What do you think, Z?
: I think a sizable percentage of my comments this week work better as responses to your commentary, so I’m going to have asides here that I couldn’t fit up there.
I can never visualize… OK, ausualize… OK, you tell me what the word is… what the vornskr’s “cackle/purr” is supposed to sound like. I know exactly what the upcoming “snap/hiss” of lightsabers sound like, though, having heard them in the movies, and I think that’s pretty fair description of the sound, so I trust Zahn about the cackle/purr being fairly accurate too, I just don’t know accurate of what.
: Audialize, perhaps? Urban Dictionary has it, anyway. As to the sound, well, my cat purrs with a bit of an edge to her sound; if you add more edge to that, I can hear it as a cackle/purr.
: In two pages and some change (the meal, before- and after-interruption) Karrde shows himself to be the best kind of manager—someone who can tell when one of his people is not being utilized to her full potential, willing to take a risk on them expanding into areas of activity they haven’t necessarily been a part of before, and willing to take input on a systemic level (the “organizational details” they end up talking about) from someone he has judged as capable. And able to appreciate the importance of setting the proper atmosphere when discussing employment situations. So he’s becoming a big player according to Dravis. Go figure.
And here we are with the ysalamiri, but although Zahn reveals here in a margin note what they’ll be used for, I think I’ll prefer to discuss that in the chapter they become relevant.
: Well, Zahn reveals what they can do. We still have a long time before we find out what they’re ultimately for.
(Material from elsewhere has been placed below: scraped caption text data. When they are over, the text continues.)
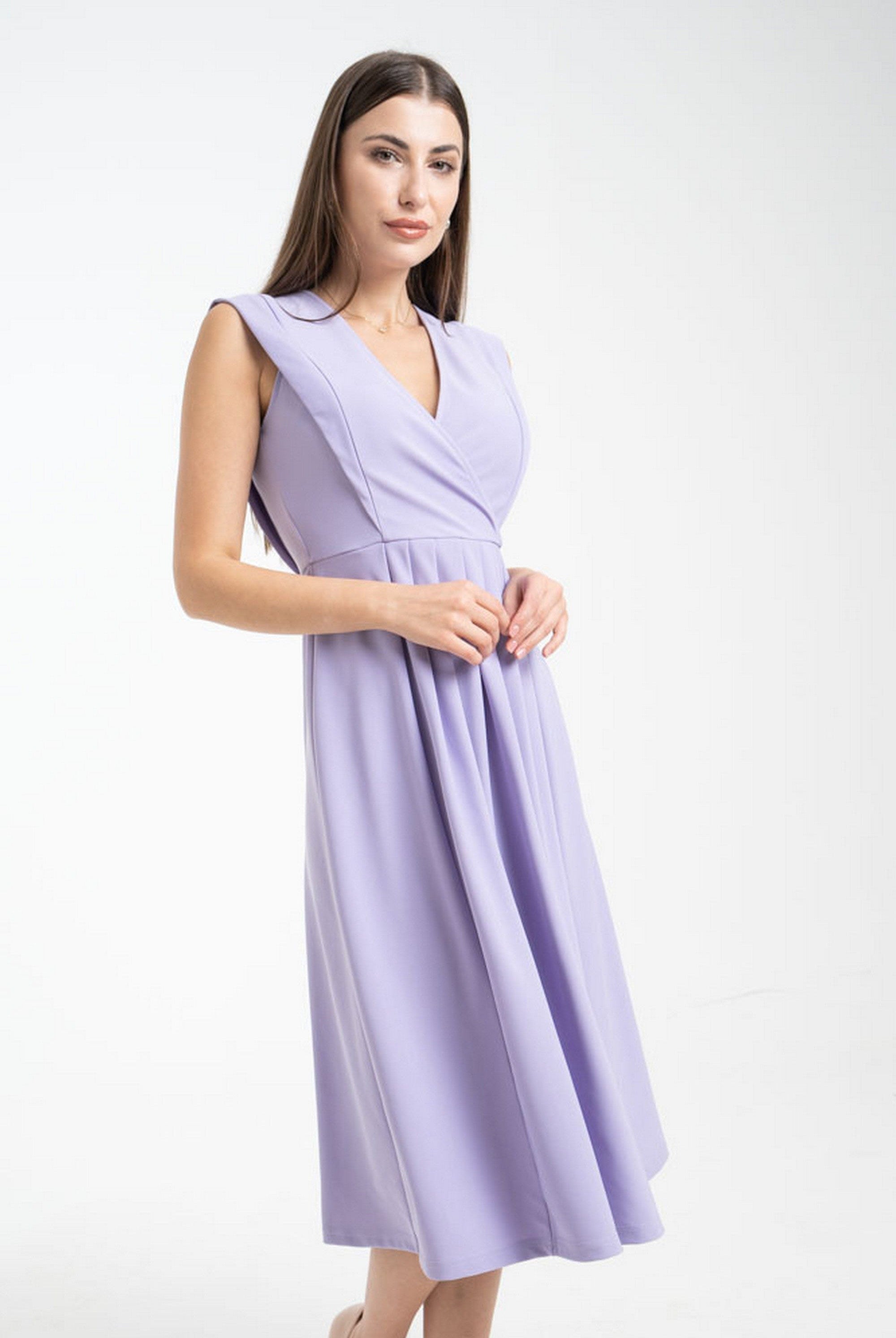 ميكا فستان ميدي سادة كلوش كت بفتحة صدر نسائي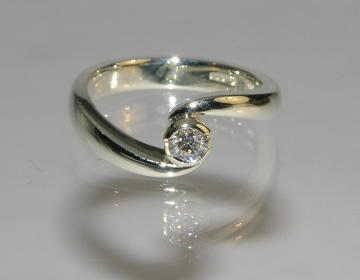 Bespoke twist style diamond engagement ring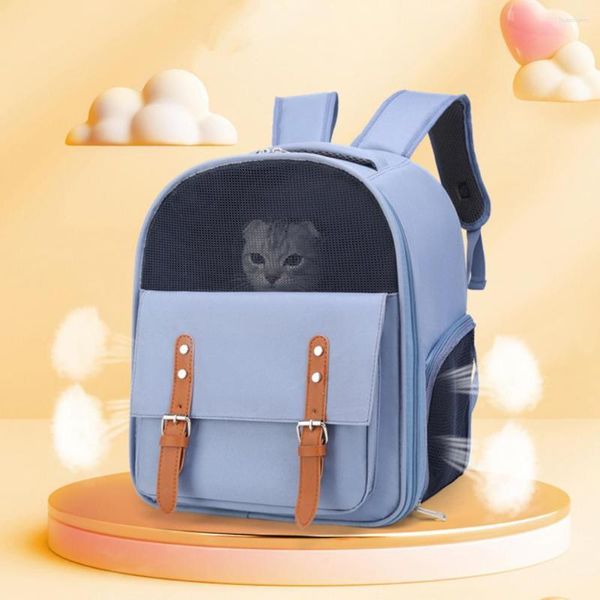 Trasportini per gatti Zaino pratico Design ad ampia apertura Buona permeabilità all'aria Borsa per animali in tessuto Oxford Pieghevole Fornitura esterna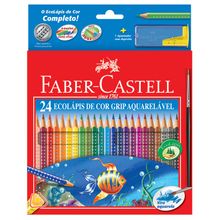 Lápis de Cor Aquarelável Grip Faber-Castell - 24 Cores + 1 Apontador + 1 Pincel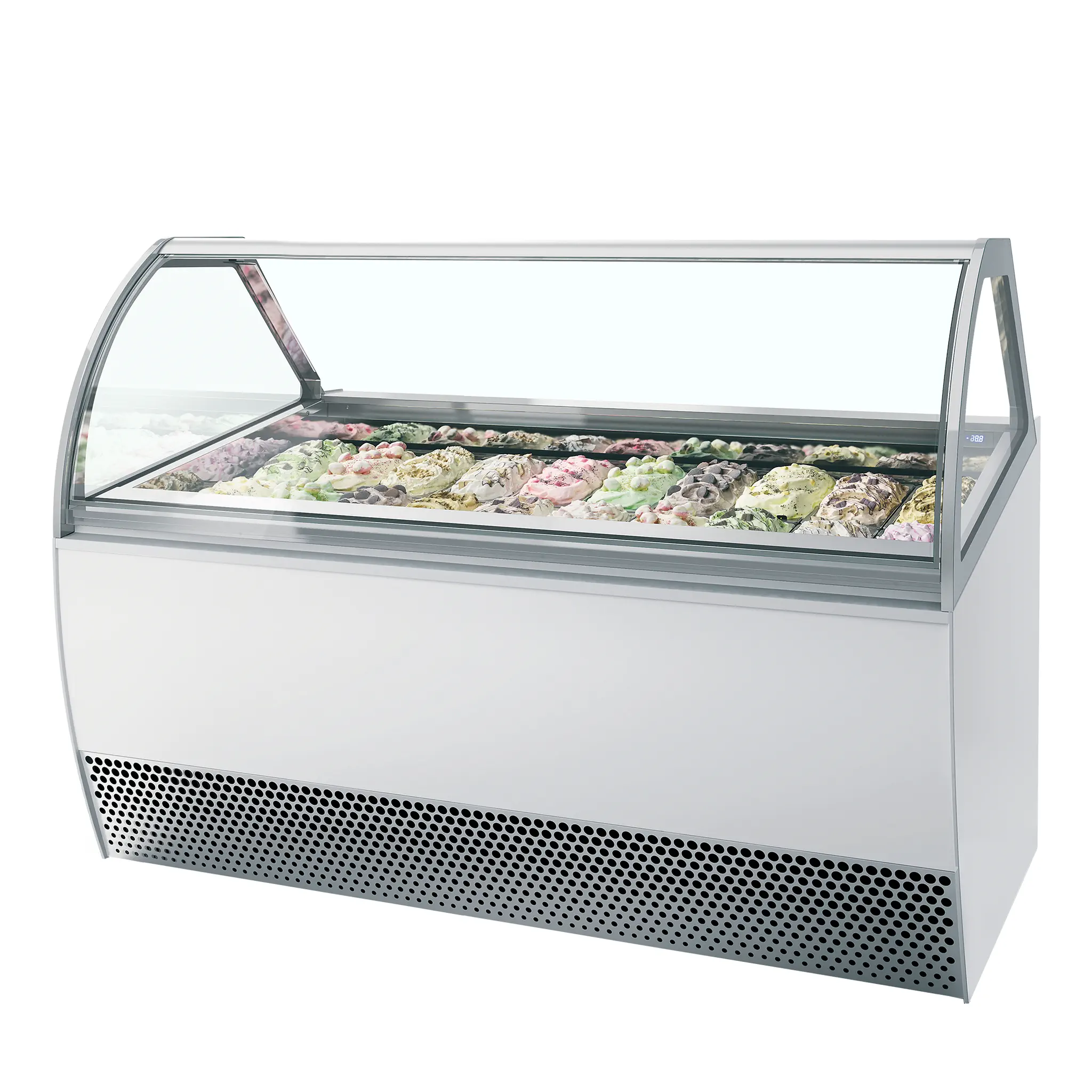 Vitrine ventilée comptoir à glaces Millenium vitre bombée 20 bacs Napoli de 5L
: Given Karrde’s attraction to information, although it isn’t mentioned explicitly in his thoughts you just know he’s veeeery interested in knowing how Mara is so certain of Vader’s death as well. (Or maybe that’s me, projecting. How people know what they know, especially in the off-screen parts of wide-ranging stories like Star Wars, has always been a focus of interest to me. And to thousands of fan-fiction writers.)
Overall, what Will calls the third side of the play is introduced by telling of a few of the key players’ characteristics, but very efficiently showing the majority, and the last hooks are set: What’s up with Mara, what will Karrde do next, and what does Thrawn want half-meter long docile tree-snakes for anyway? (And why does Mara seem to maybe not like the idea of having them on their own ships, while we’re at it? Questions, questions—though I can’t believe Karrde didn’t deduce that last one.)
: He figures it out in due course, mostly at the start of Dark Force Rising, of course. And with reason–and it feeds into the vornskr/ysalamiri story. Though truth be told I’m not sure that Mara doesn’t want them as much as that she doesn’t see the point.